▶ What the exercise asks: With the pictures left out, copy the listing below exactly.

▶ Data:
*** Begin section ***

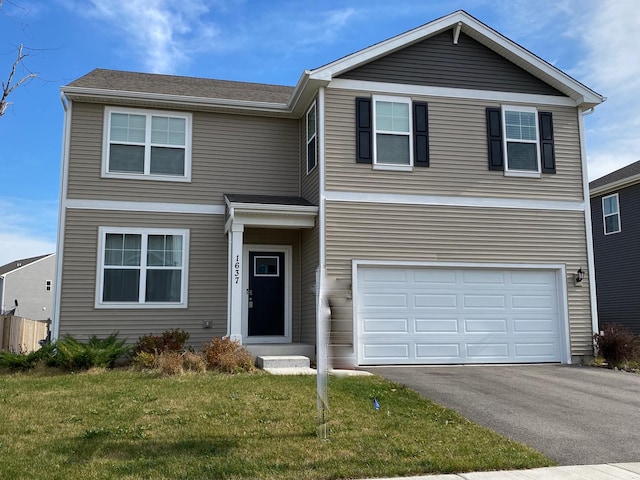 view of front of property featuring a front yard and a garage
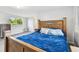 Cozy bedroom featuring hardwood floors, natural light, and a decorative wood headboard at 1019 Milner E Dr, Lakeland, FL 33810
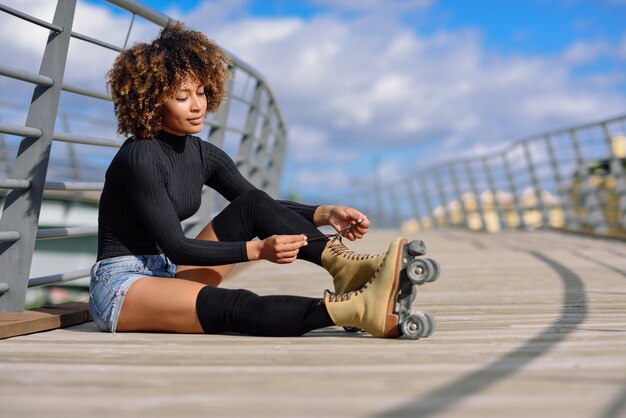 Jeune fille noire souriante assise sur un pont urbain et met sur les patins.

*** End section ***

▶ The answer:
 view of front of property featuring a front yard and a garage
 Cozy bedroom featuring hardwood floors, natural light, and a decorative wood headboard at 1019 Milner E Dr, Lakeland, FL 33810
 Jeune fille noire souriante assise sur un pont urbain et met sur les patins.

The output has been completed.